▶ _What needs to be done_
Return the data below exactly, minus the pictures.

━━━━━━━━━━━━━━━━━━━━━━━━━━━━━━

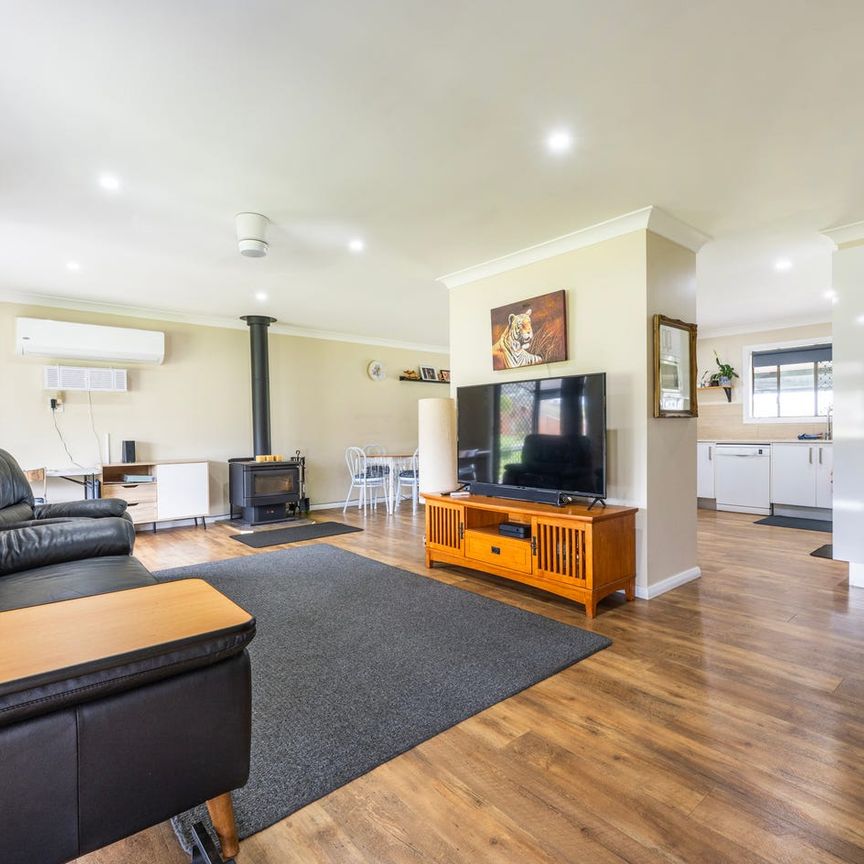 LOWSET & IMMACULATE ON 1,327SQMS WITH A SHED - Photo 1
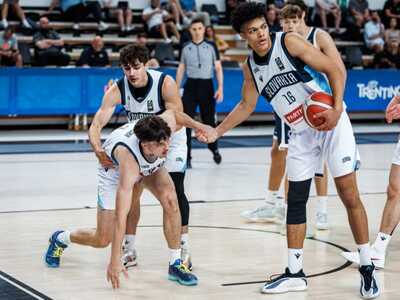 Slovenskí basketbalisti do 18 rokov prehrali v sobotu úvodný duel na majstrovstvách Európy tejto vekovej kategórie v Trente. Srbským rovesníkom podľahli 70:94 napriek tomu, že po polčase viedli. Dnes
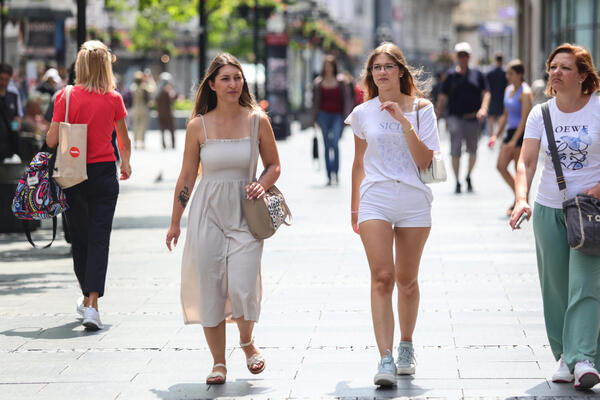Danas jako toplo i sunčano, temperatura 33 stepena: Samo jedan deo Srbije je na udaru kiše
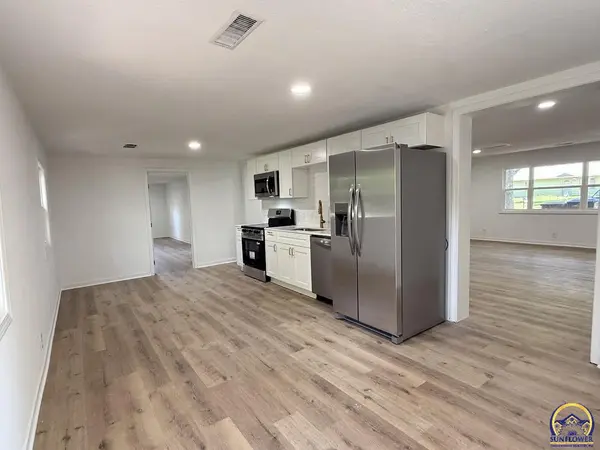 210 SW Sanneman DR, Topeka, KS 66609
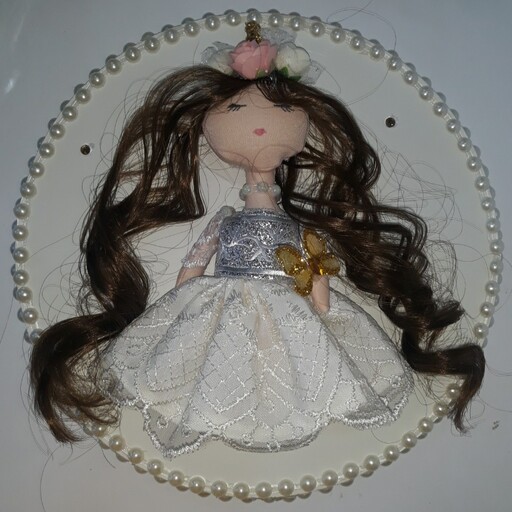 قاب عکس عروسک تیلدا (تیلدا قاب عکسی) لباس عروس ،مو بلند ، با قاب گرد مرواریدی دست ساز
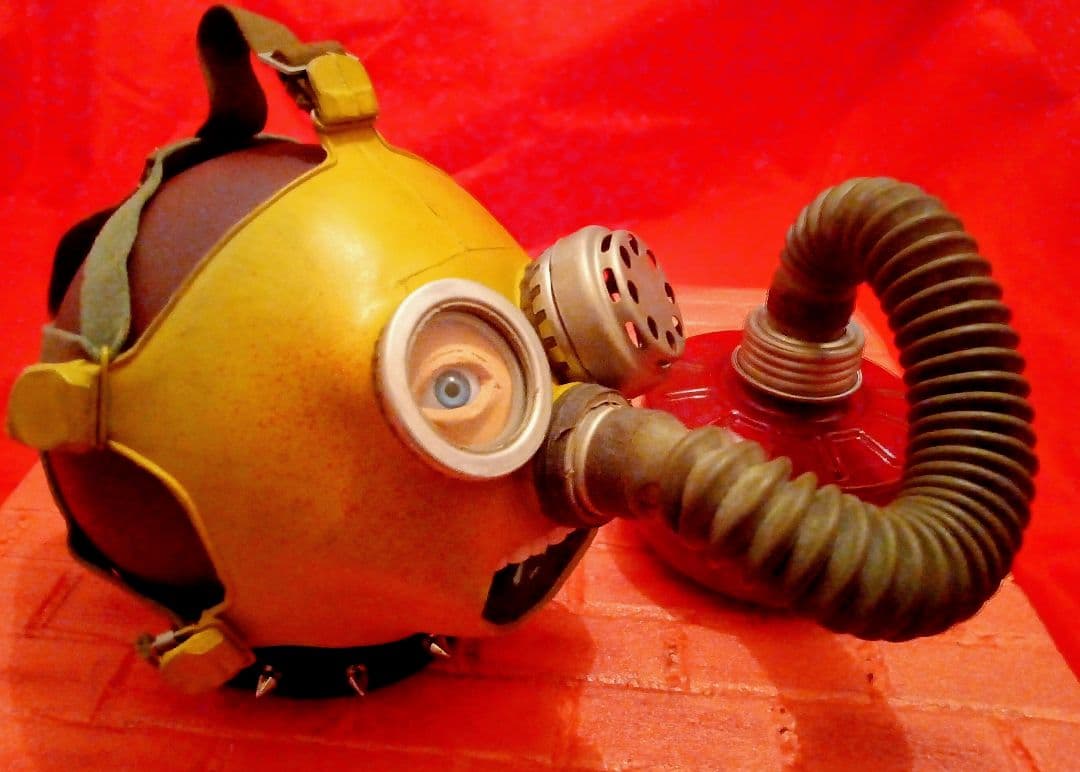 ガスマスクホラーマスク　ヴィヴィアン　ドロヘドロAVIREX 面白雑貨アメリカン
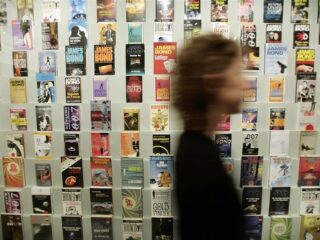 James Bond-boeken worden aangepast wegens racistisch taalgebruik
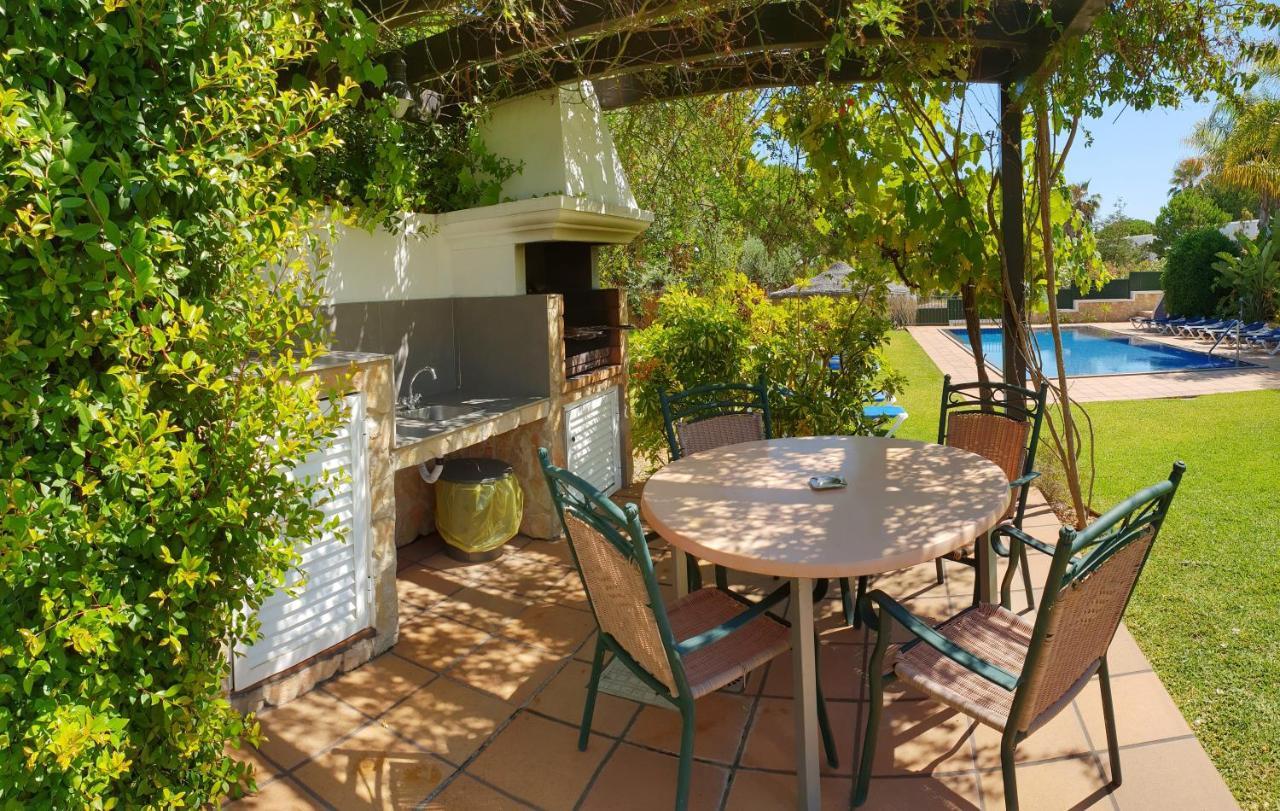 Pine Tree Apartments - Praia Da Coelha - البوفيرا المظهر الخارجي الصورة
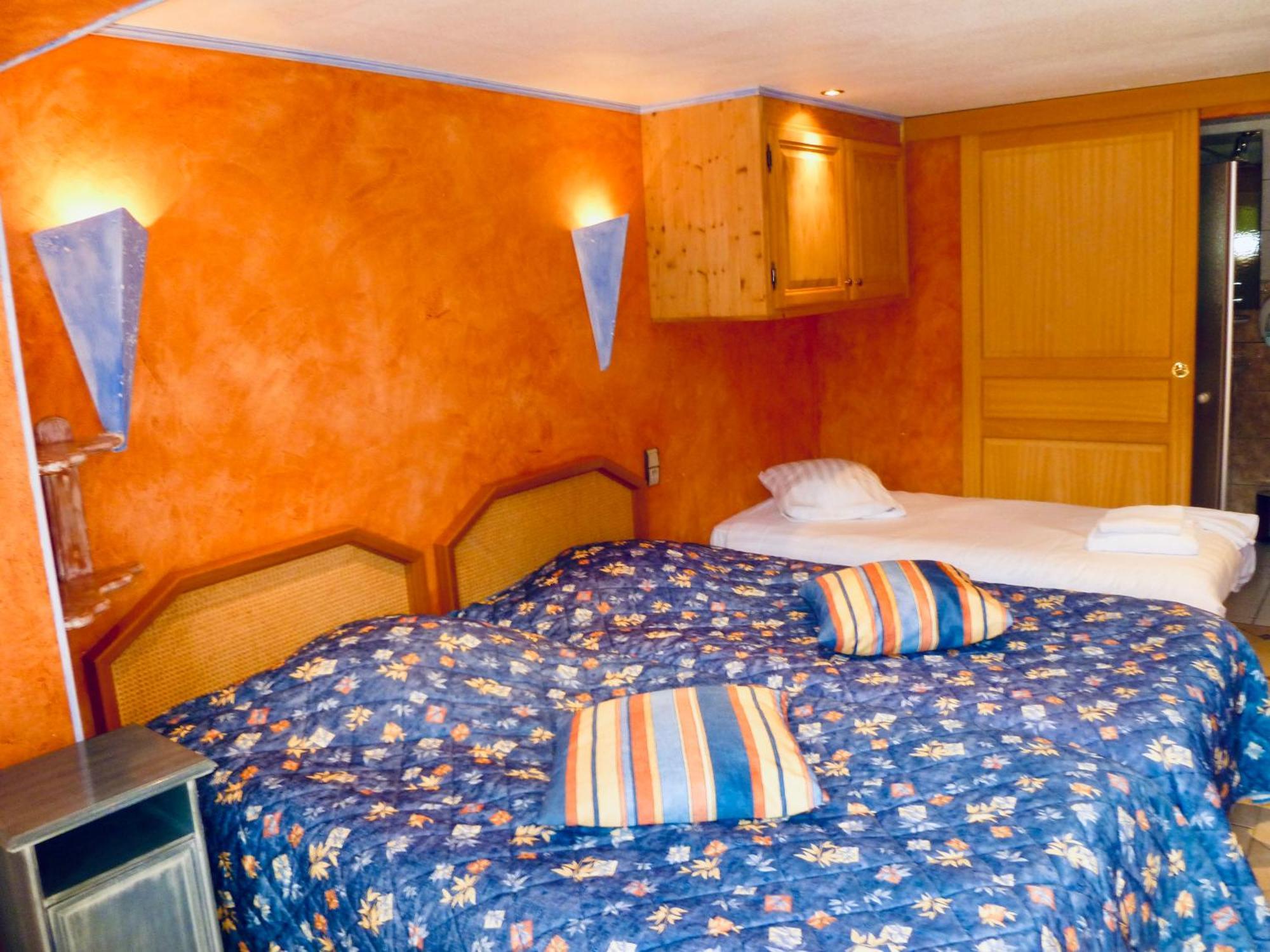 Triple Room,1668046492:JPEG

━━━━━━━━━━━━━━━━━━━━━━━━━━━━━━

▶ _Written answer_
 LOWSET & IMMACULATE ON 1,327SQMS WITH A SHED - Photo 1
 Slovenskí basketbalisti do 18 rokov prehrali v sobotu úvodný duel na majstrovstvách Európy tejto vekovej kategórie v Trente. Srbským rovesníkom podľahli 70:94 napriek tomu, že po polčase viedli. Dnes
Danas jako toplo i sunčano, temperatura 33 stepena: Samo jedan deo Srbije je na udaru kiše
 210 SW Sanneman DR, Topeka, KS 66609
 قاب عکس عروسک تیلدا (تیلدا قاب عکسی) لباس عروس ،مو بلند ، با قاب گرد مرواریدی دست ساز
 ガスマスクホラーマスク　ヴィヴィアン　ドロヘドロAVIREX 面白雑貨アメリカン
 James Bond-boeken worden aangepast wegens racistisch taalgebruik
 Pine Tree Apartments - Praia Da Coelha - البوفيرا المظهر الخارجي الصورة
 Triple Room,1668046492:JPEG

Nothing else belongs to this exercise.